Ebenfalls sollte auf die Dokumentation von Geldanlagen mehr Aufwand verwendet werden, denn die vorliegende sei nicht sehr umfangreich.  

Die Rolle des Finanzberaters

Obwohl niemand Rederecht bei der Sitzung hatte, der nicht Mitglied des Ausschusses ist, wurde Brigitte Wettengel (CDU) als Mitglied des Gemeindevorstandes nach Abstimmung der Ausschussmitglieder Gelegenheit gegeben, ihre Fragen nach Rolle des Finanzberaters bei Anlagevorgängen zu stellen. 

Jörg Dreismann teilte mit, dass dazu derzeit keine Aussage möglich sei, weil es hier ein schwebendes Verfahren gebe. Zudem sei dies nicht Aufgabe des Ausschusses gewesen.

Allerdings sei auch ein Ergebnis der Untersuchungen: „Es gibt keine sichere Anlage am Kapitalmarkt, denn man sieht - auch Fachleute können auf die Nase fallen.“

Meinung der Fraktionen

Die Fraktionsvorsitzenden lobten die kritische, parteiübergreifende und kollegiale Zusammenarbeit der Ausschussmitglieder im Sinne der Sache. Der Ausschuss habe die richtigen Fragen gestellt.

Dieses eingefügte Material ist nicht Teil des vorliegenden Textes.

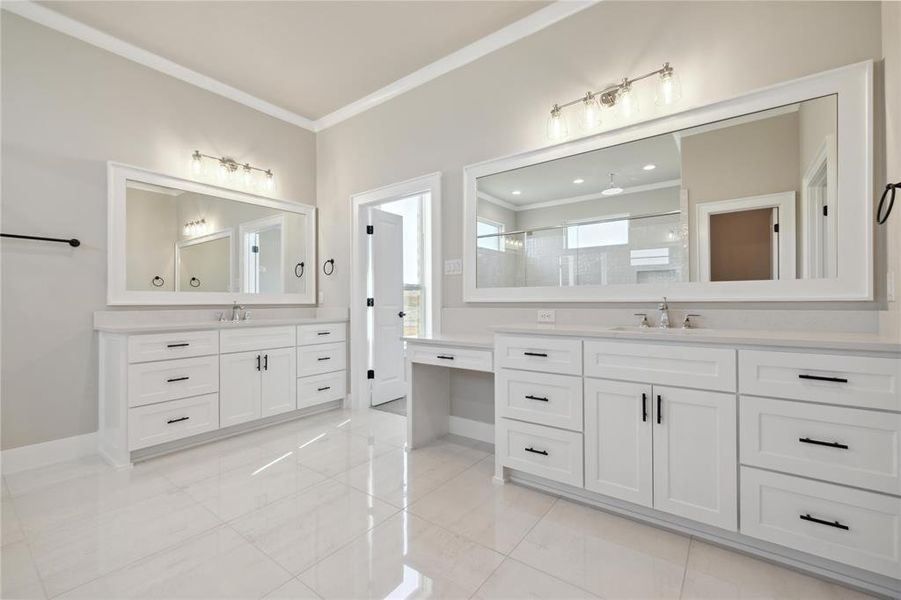 Bathroom featuring walk in shower, vanity, and ornamental molding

Die Forderung an die Politik müsse sein, Kommunen zu ermöglichen, Geld z.B. bei den Landeszentralbanken anzulegen, damit es einigermaßen sicher ist.

Die oft gestellte Frage, warum die Gemeinde nicht Geld bei regionalen Banken anlegte, wurde bei dieser Gelegenheit mit dem Beispiel der VW-Bank beantwortet, die in der jüngeren Vergangenheit kurzfristig die Konditionen änderte, so dass Negativzinsen entstanden, wenn die Anlagen nicht schnell aufgelöst würden. Nicht anders sei es bei den Sparkassen, Raiffeisenbanken etc.

Ebenso wurde auf die Rolle der außerhalb der Gemeinde Beteiligten hingewiesen -  Vermittler, Ratingagenturen und eine Bankenaufsicht, die nicht tätig werden darf, wenn sie Fehlentwicklungen beobachtet: „Was soll eine Bankenaufsicht, wenn sie nicht handeln darf?“

Schlussbericht ergänzt

Für die Gemeindevertretung wurde ein Schlussbericht erstellt. Die Ausschussmitglieder einigten sich noch darauf, diesen mit der Liste der untersuchten Fragen zu ergänzen. Der endgültige Abschlussbericht wird im Rahmen der nächsten Sitzung der Gemeindevertretung vorgestellt. 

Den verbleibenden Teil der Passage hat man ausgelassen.